🤖 ML Project: Predicting Workers' Compensation Claim Severity 🗽

✨ Project Overview

This project, completed for the Machine Learning course within the Master's in Data Science and Advanced Analytics program at NOVA IMS, focuses on applying supervised learning techniques to predict the severity of workers' compensation claims handled by the New York Work Compensation Board (NWCB).
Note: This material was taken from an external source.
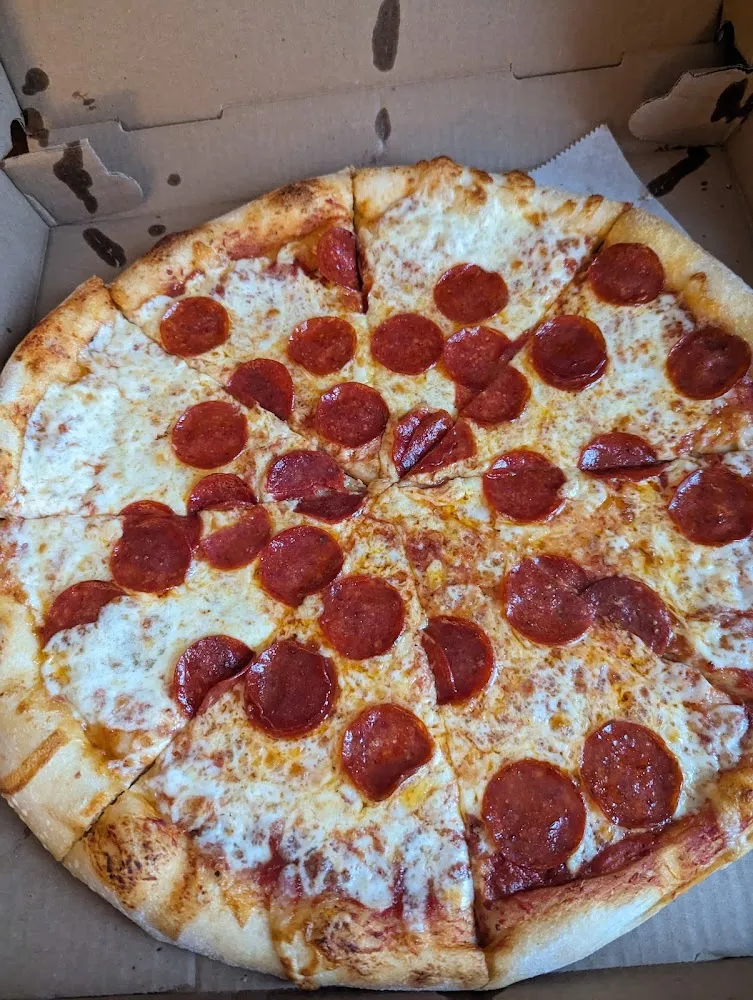 Pepperoni Pizza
The primary objective is to develop a robust multiclass classification model to predict one of eight possible Claim Injury Type categories, aiming to automate and streamline the claim adjudication process, addressing the increasing volume and manual review time.

📚 Context

Analyzing and adjudicating workers' compensation claims is a critical but resource-intensive task for the NWCB. Facing an upward trend in claim submissions (as noted in the NWCB 2023 Annual Report), this project leverages machine learning to predict claim severity, potentially freeing up resources and improving processing efficiency.

👥 Team

TP2 | TBL Group 33

André Silvestre, 20240502
João Henriques, 20240499
Simone Genovese, 20241459
Steven Carlson, 20240554
Vinícius Pinto, 20211682
Zofia Wojcik, 20240654

🏗️ Project Methodology (CRISP-DM)

The project meticulously followed the CRISP-DM (Cross Industry Standard Process for Data Mining) framework, ensuring a structured approach from problem definition to solution deployment.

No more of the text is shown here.